> [Prompt]:
Please keep the pictures out and write out exactly the lines from the first in the data below through the one containing "Seamless pattern with", both included.

> [Supplied material]:
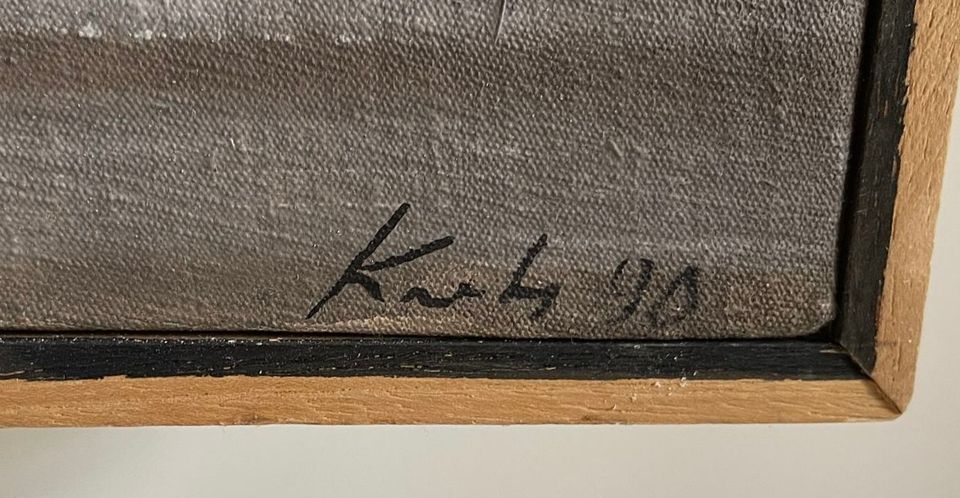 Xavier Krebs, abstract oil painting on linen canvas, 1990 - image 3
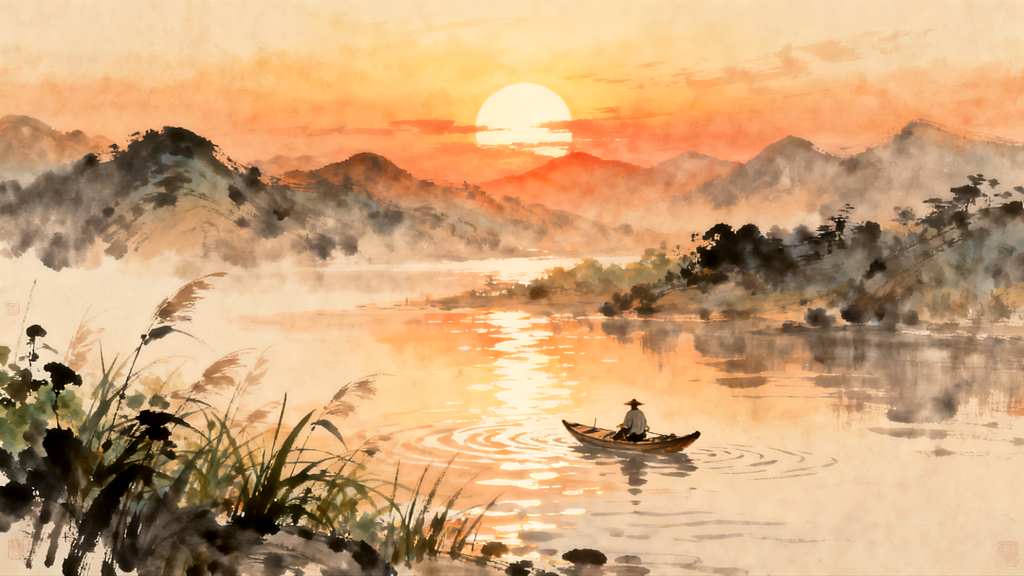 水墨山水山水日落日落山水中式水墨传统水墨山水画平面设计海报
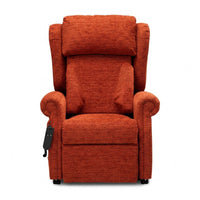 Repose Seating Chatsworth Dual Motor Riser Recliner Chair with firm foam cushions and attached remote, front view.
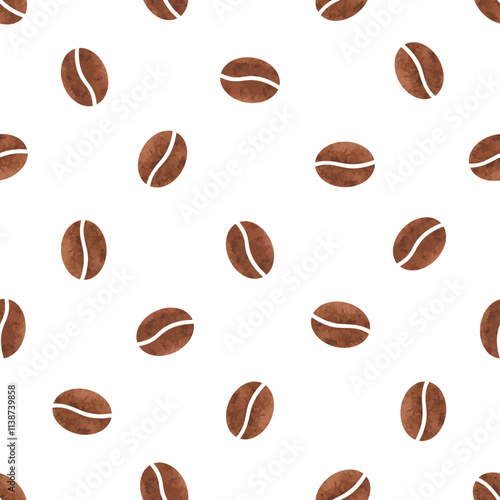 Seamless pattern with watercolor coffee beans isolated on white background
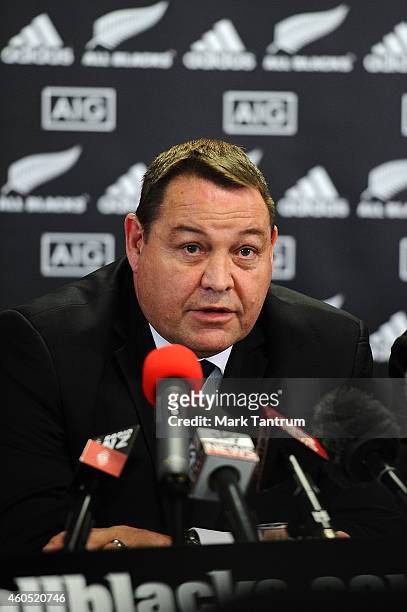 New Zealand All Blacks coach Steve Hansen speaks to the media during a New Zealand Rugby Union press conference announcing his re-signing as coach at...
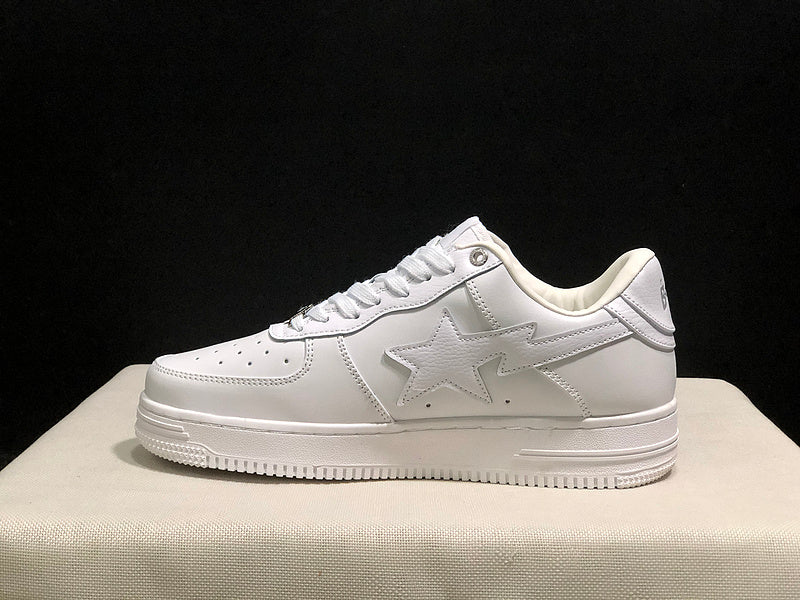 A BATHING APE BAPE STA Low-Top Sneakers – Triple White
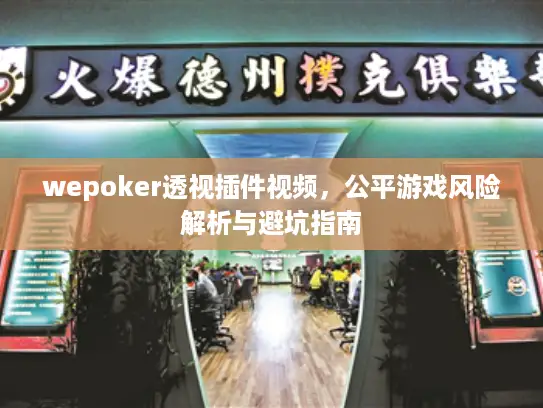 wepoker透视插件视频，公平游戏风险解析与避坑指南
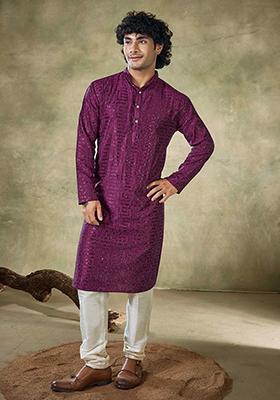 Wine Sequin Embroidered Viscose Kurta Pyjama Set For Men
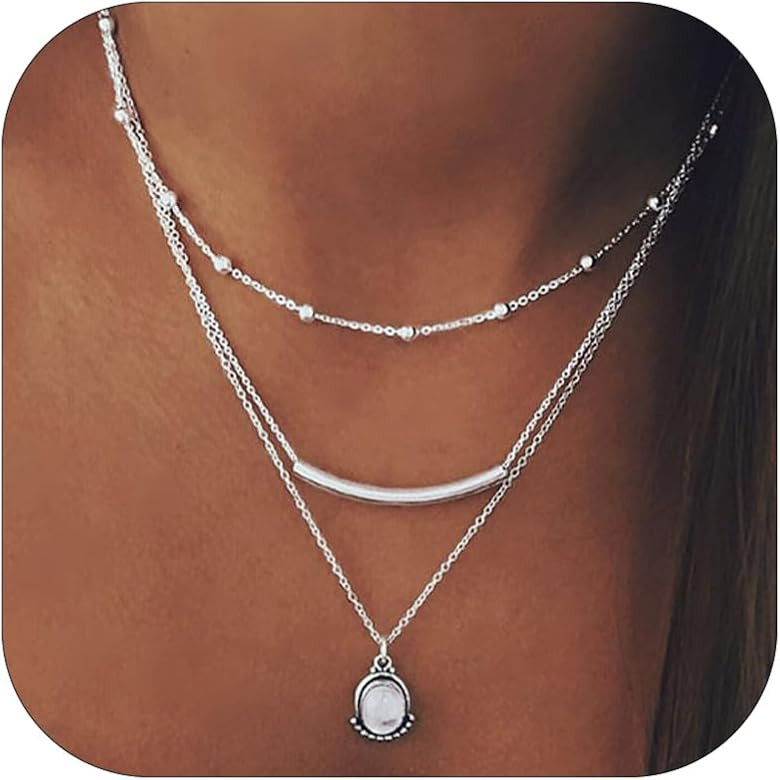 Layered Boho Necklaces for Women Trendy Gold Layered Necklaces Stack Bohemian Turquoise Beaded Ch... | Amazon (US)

> [Answer area]:
 Xavier Krebs, abstract oil painting on linen canvas, 1990 - image 3
 水墨山水山水日落日落山水中式水墨传统水墨山水画平面设计海报
 Repose Seating Chatsworth Dual Motor Riser Recliner Chair with firm foam cushions and attached remote, front view.
 Seamless pattern with watercolor coffee beans isolated on white background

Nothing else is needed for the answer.